The approval includes spending $200,000 of Six Nations’ money with the suggestion to seek the funding shortfall from the federal Small Communities Fund, a $109 million federal infrastructure program.

The plan is the result of five years of study on two major creeks in the community prone to flooding: McKenzie Creek and Boston Rogers Creek.

The flood mitigation strategy will develop accurate stream flows to model flood levels, prepare a flood plain map with flood lines delineated, prepares a list of flood-impacted sites (flood damage centres), identifies a list of remedial solutions to mitigate flooding, and identifies projects for the flood remediation program.

As part of the study, Greenland Group surveyed all the culverts and bridge crossings on the territory.

They put in stream flow guages and weather guages during the study.

Greenland did a cost-benefit analysis to determine whether it would cost more to implement flood protection measures than it would cost to fix the damage that could be caused by flooding as it happens.

“When you go to secure funding, the province will want to know how you did your calculations,” said Greenland Group Senior Associate Engineer Don Moss.

There were five flood damage centres identified on McKenzie Creek.

Most of the flooding occurred on the creek’s tributaries, said Moss.

Those sections are located upstream on Third Line, downstream on Third Line, at Fourth Line Road and Seneca Road, in the village of Ohsweken near Iroquois Lodge, at the sanitary pump station on Fourth Line, and a berm at the sewage lagoon.

They suggested ditch improvements and culvert upgrades to minimize the impacts for some areas.

During the study they found driveway culverts were backing up flows near Fourth Line and Seneca Road and when they got opened up, it reduced flood levels significantly.

Annual damage costs estimated for the five flood areas were just over $605,000, with the majority, about $466,000, occurring during flooding near the Six Nations health centre and Iroquois Lodge parking lots.

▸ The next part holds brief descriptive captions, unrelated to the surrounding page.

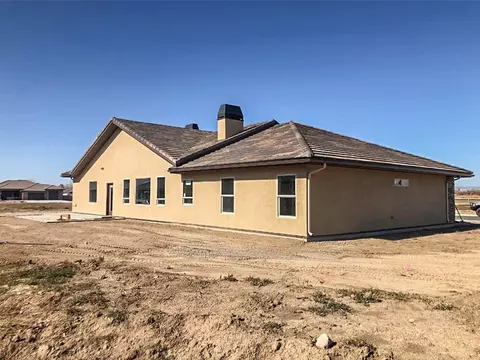 1404 Shoreline Dr, Fruita, CO 81521 photo 2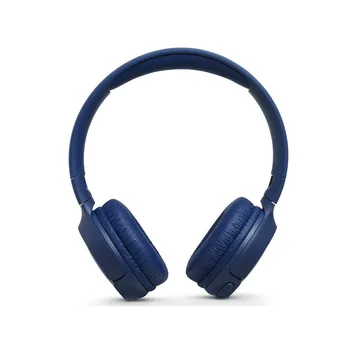 

Without thread Tune 500 BT headphones Blue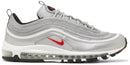 Nike Air Max 97 OG 'Silver Bullet' 2022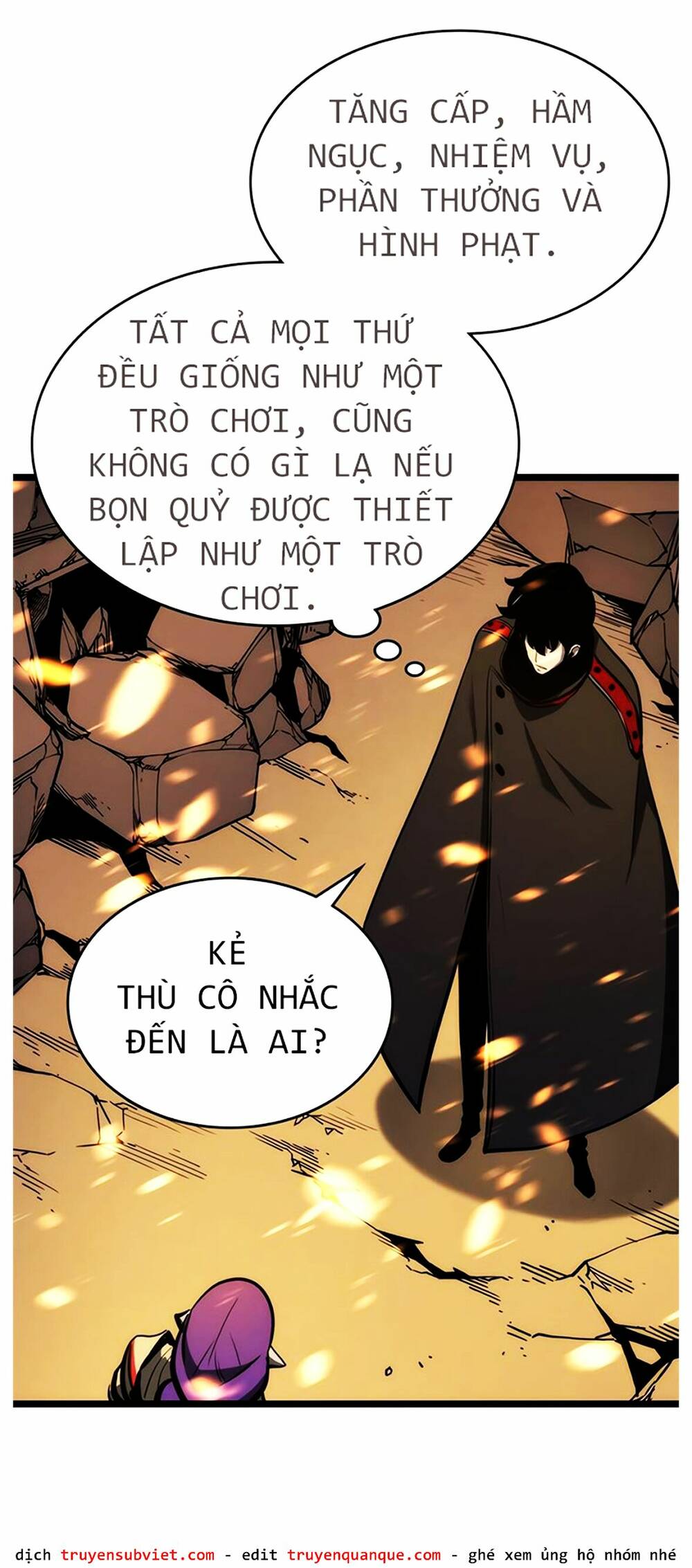 Chương 83 - Trang 10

A cost-benefit analysis showed that repairs save the community millions of dollars over a 50-year timespan through mitigation measures, as opposed to fixing the damage as it happens.

Some of the repair suggestions include French tile installation, channel improvements, ditch improvements, culvert replacements, asphalt reinstatement and individual home improvements.

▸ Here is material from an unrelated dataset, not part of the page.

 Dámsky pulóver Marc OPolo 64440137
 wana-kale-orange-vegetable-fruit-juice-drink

The flood-prone areas of Boston and Rogers Creek include Mississauga Road, Third Line west of Smoothtown, Onondaga Road north of Second Line, Second Line west of the Ojibway Road and Cayuga Road intersection, and the Industrial Park at First Line Road.

Some of the diversion methods for those areas were prohibitively expensive and were screened out early, said Moss.

They looked instead at flood-proofing several homes, as well as some culvert and ditch improvements, for those areas.

The next steps will include conducting topographical and geotechnical surveys before finalizing designs and putting out tenders.

Greenland Group suggested council make an application to the Small Communities Fund to help fund the construction of the flood mitigation strategy.

The project will cost $4.25 million, with Six Nations agreeing to find the $200,000 portion of the funds.